* What the exercise asks: Reproduce every entry below precisely; do not include the pictures.

* Input for this task:

===

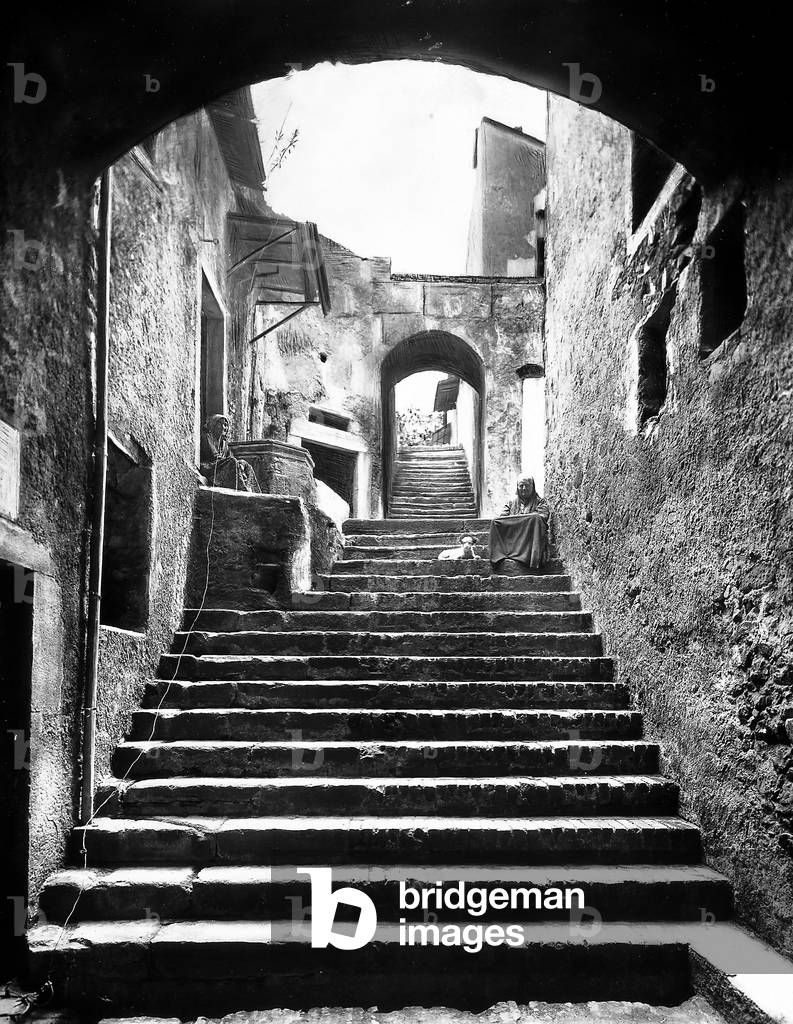 Staircase from the Castel of Castruccio in Sarzana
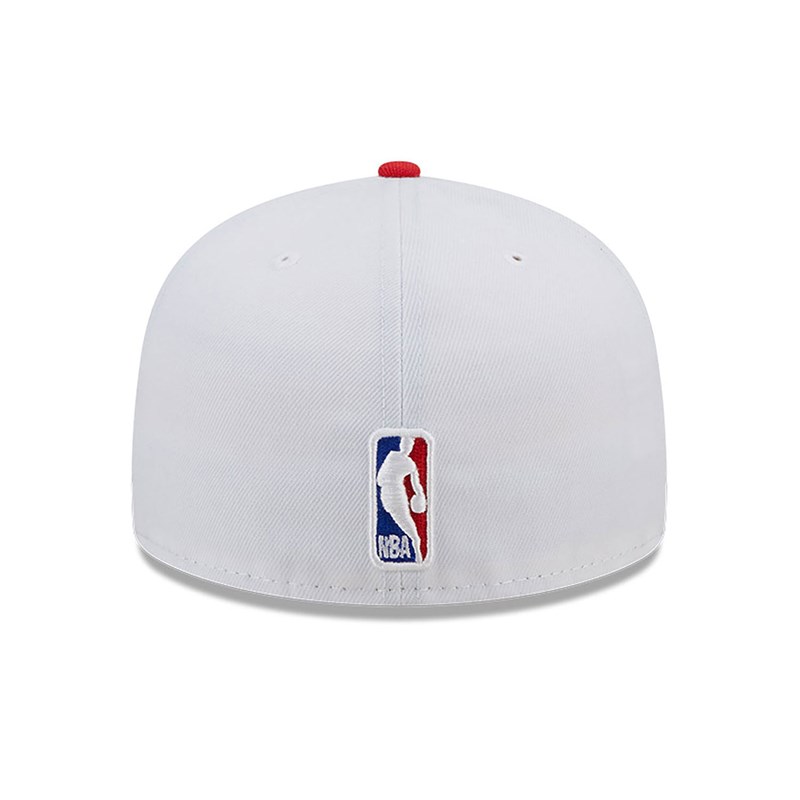 White New Era Philadelphia 76ers Authentics City Edition Fitted Cap 59fifty | MXAY06427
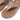 Women Beige Leather Flatform Toe-Post Sandals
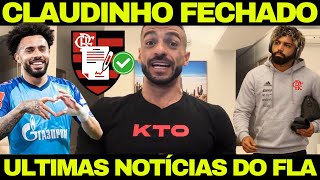 CLAUDINHO É DO MENGÃO COMEMORA NAÇÃO  EXCELENTE REFORÇO PARA 2024  NOTÍCIAS DO FLAMENGO HOJE [upl. by Bohlen979]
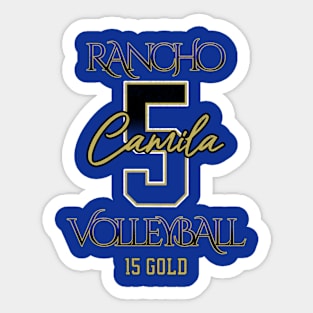 Camila #5 Rancho VB (15 Gold) - Blue Sticker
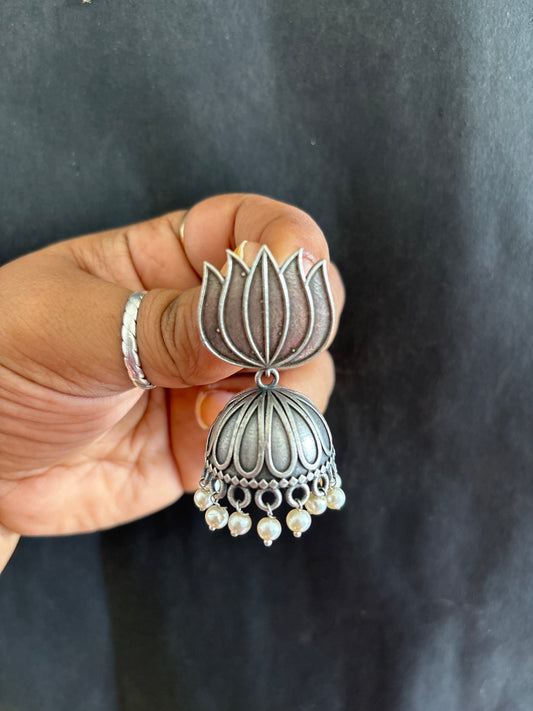 Lotus jhumka Gehnacollections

===

* Task solution:
 Staircase from the Castel of Castruccio in Sarzana
 White New Era Philadelphia 76ers Authentics City Edition Fitted Cap 59fifty | MXAY06427
 Women Beige Leather Flatform Toe-Post Sandals
 CLAUDINHO É DO MENGÃO COMEMORA NAÇÃO  EXCELENTE REFORÇO PARA 2024  NOTÍCIAS DO FLAMENGO HOJE [upl. by Bohlen979]
 Camila #5 Rancho VB (15 Gold) - Blue Sticker
 Lotus jhumka Gehnacollections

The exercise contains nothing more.